Stuck Apart misses a key ingredient — a personality of any kind. This is a dud.
This review of Netflix film Stuck Apart contains no spoilers. The drama was released on the streaming service on January 8, 2021.
Coming on the second Friday of 2021 is Turkish film Stuck Apart that follows a man called Aziz who is going through a dire existential crisis, which I’m told is common the older you get; the more life moves by, the more regrets. So here we have a fictional case study, supposedly laced with comedy and drama. The film builds a narrative that Aziz craves youth, and he’s depressingly unhappy with his private and personal life; even his family are deeply involved, which compounds a vicious issue. He wants to be alone, and he wants freedom. He’s an introvert’s dream.

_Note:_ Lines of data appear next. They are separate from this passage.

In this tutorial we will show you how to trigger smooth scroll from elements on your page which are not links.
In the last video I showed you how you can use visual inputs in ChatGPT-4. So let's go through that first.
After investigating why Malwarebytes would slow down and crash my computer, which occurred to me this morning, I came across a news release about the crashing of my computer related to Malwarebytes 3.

Apparently, Netflix’s Stuck Apart is a comedy, but it plays entirely like a drama that beats the same miserable drum. Audiences know that existential crises are boring; if you see a family member or friend go through one, it’s hardly a surge of entertainment. In film form, it’s best not to truly reflect how boring they are. The script fails to shine any form of amusement, vying for dark comedy but ending up with a numb plot. And while some will argue that this is meant to be a reflection of mental health, the shot back is that it’s also meant to be funny.

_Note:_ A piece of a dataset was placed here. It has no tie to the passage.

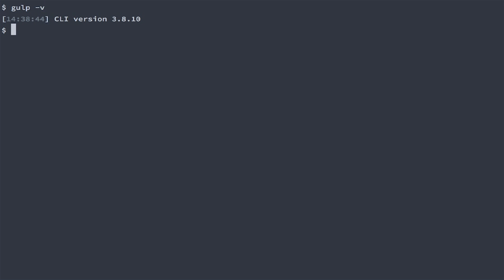Alright if you followed along then you have everything you need to get started with Gulp. If you didn't go ahead and install Node.js then type NPM install Gulp dash G to install Gulp. Then you can proceed with the next video that will demonstrate how you can use Gulp for automating common tasks such as minifying CSS. I look forward to seeing you in the next video. Thanks and bye bye.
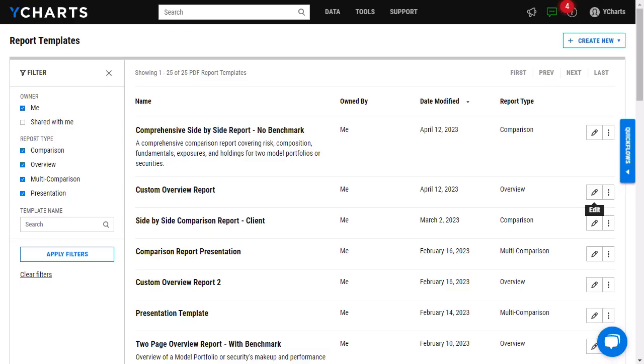Our Report Builder tool now gives you the ability to add more visuals to your reports by allowing you to import saved fundamental charts and scatter plots.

Rather than inject the script with personality, it strips any chance of energy from the lead character and reduces him to a pulp of glumness. The film is on point with the theme, but its loyalty to it offers no favours. Frankly, it’s a snooze-fest, and while the performances are okay, the Netflix film is hardly indicative of refined character profiling.
So while the lead character’s existential crisis is apparent, it lulls the audience into the same downcast mood, and the last thing we need after a horrendous 2020 is to overthink our purpose in life. Stuck Apart misses a key ingredient — a personality of any kind. This is a dud.